--- What is expected ---
The data below is to be written out exactly, with no pictures.
-=-=-
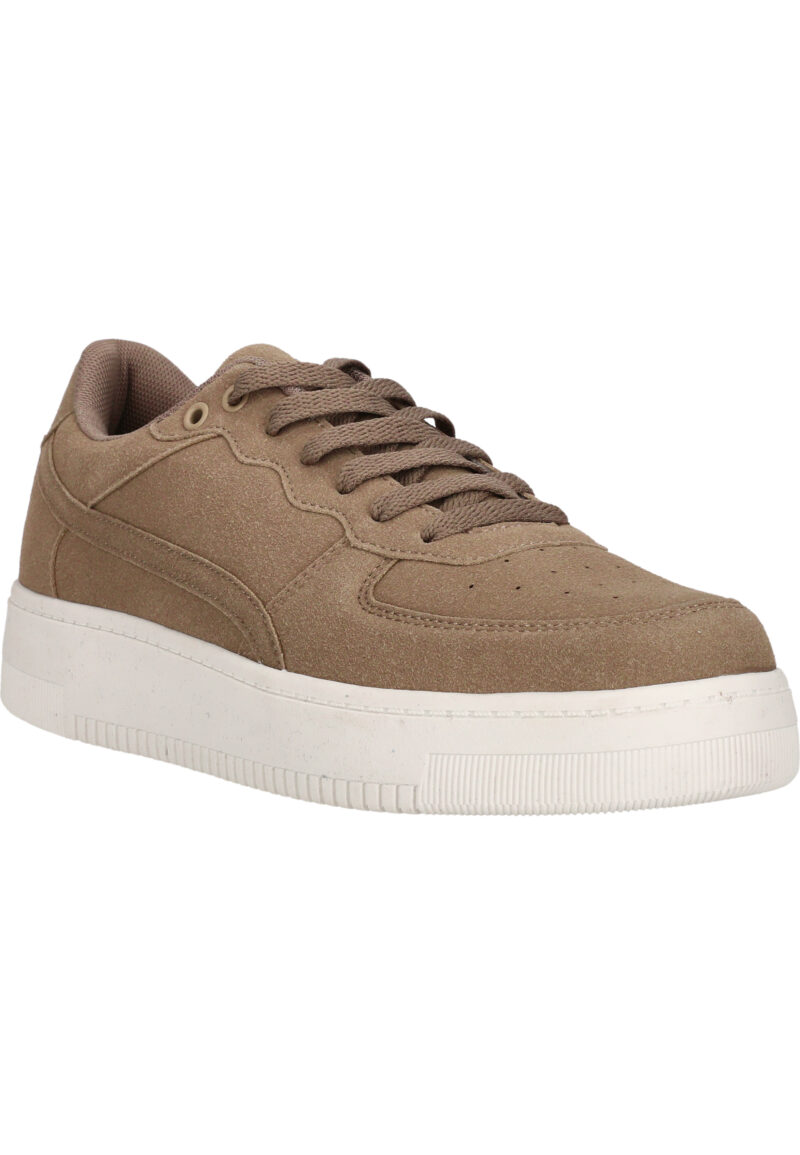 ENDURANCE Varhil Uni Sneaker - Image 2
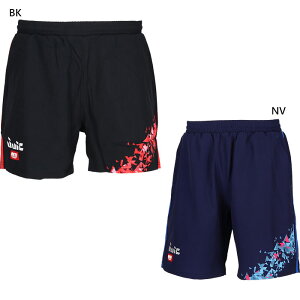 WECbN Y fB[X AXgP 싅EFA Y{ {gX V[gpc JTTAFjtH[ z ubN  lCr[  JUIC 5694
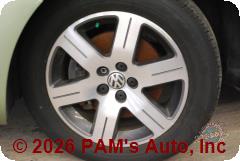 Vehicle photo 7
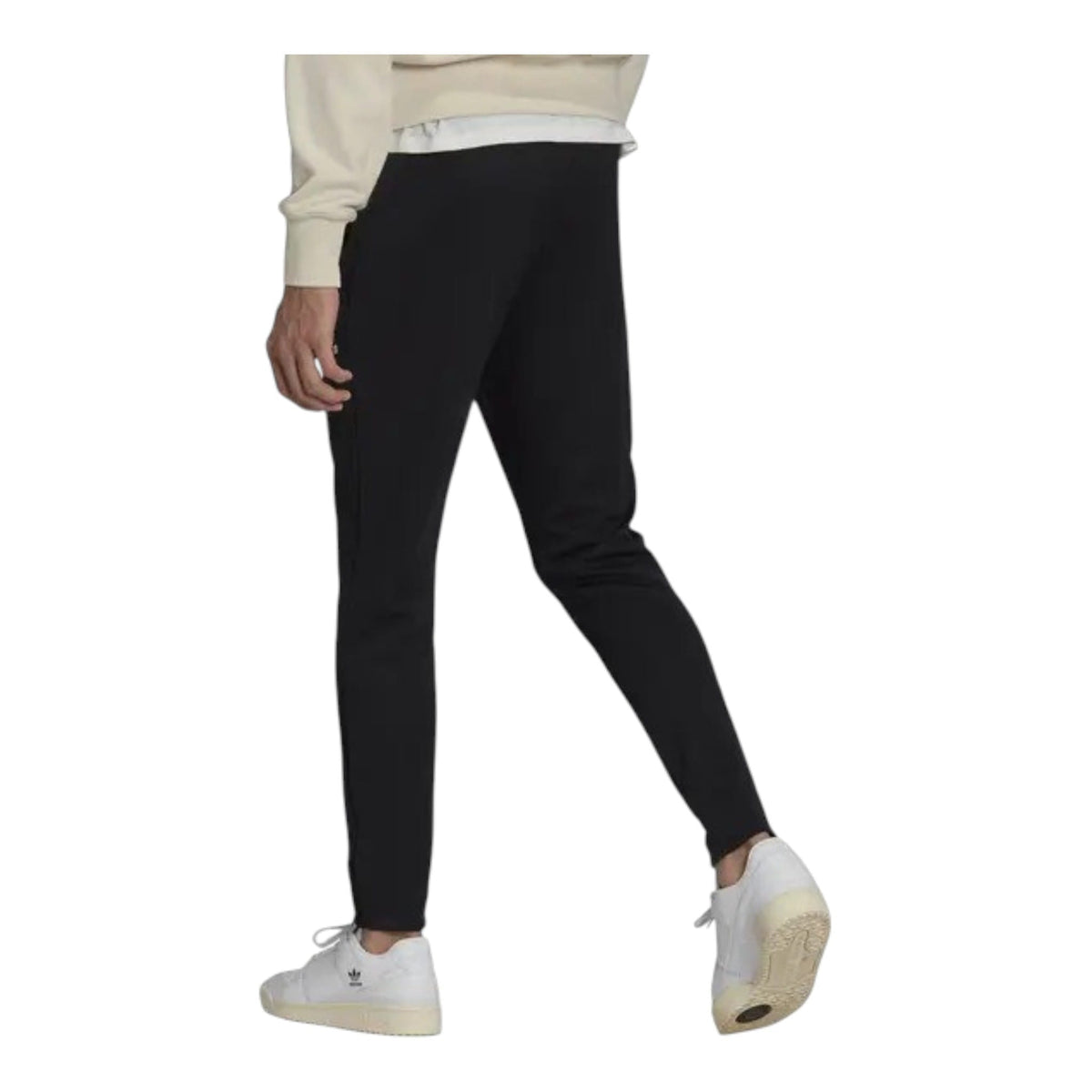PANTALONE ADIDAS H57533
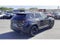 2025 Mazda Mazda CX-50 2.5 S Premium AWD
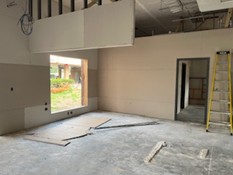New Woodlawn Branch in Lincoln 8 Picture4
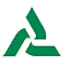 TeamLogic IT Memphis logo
-=-=-
--- Response ---
 ENDURANCE Varhil Uni Sneaker - Image 2
 WECbN Y fB[X AXgP 싅EFA Y{ {gX V[gpc JTTAFjtH[ z ubN  lCr[  JUIC 5694
 Vehicle photo 7
PANTALONE ADIDAS H57533
 2025 Mazda Mazda CX-50 2.5 S Premium AWD
New Woodlawn Branch in Lincoln 8 Picture4
 TeamLogic IT Memphis logo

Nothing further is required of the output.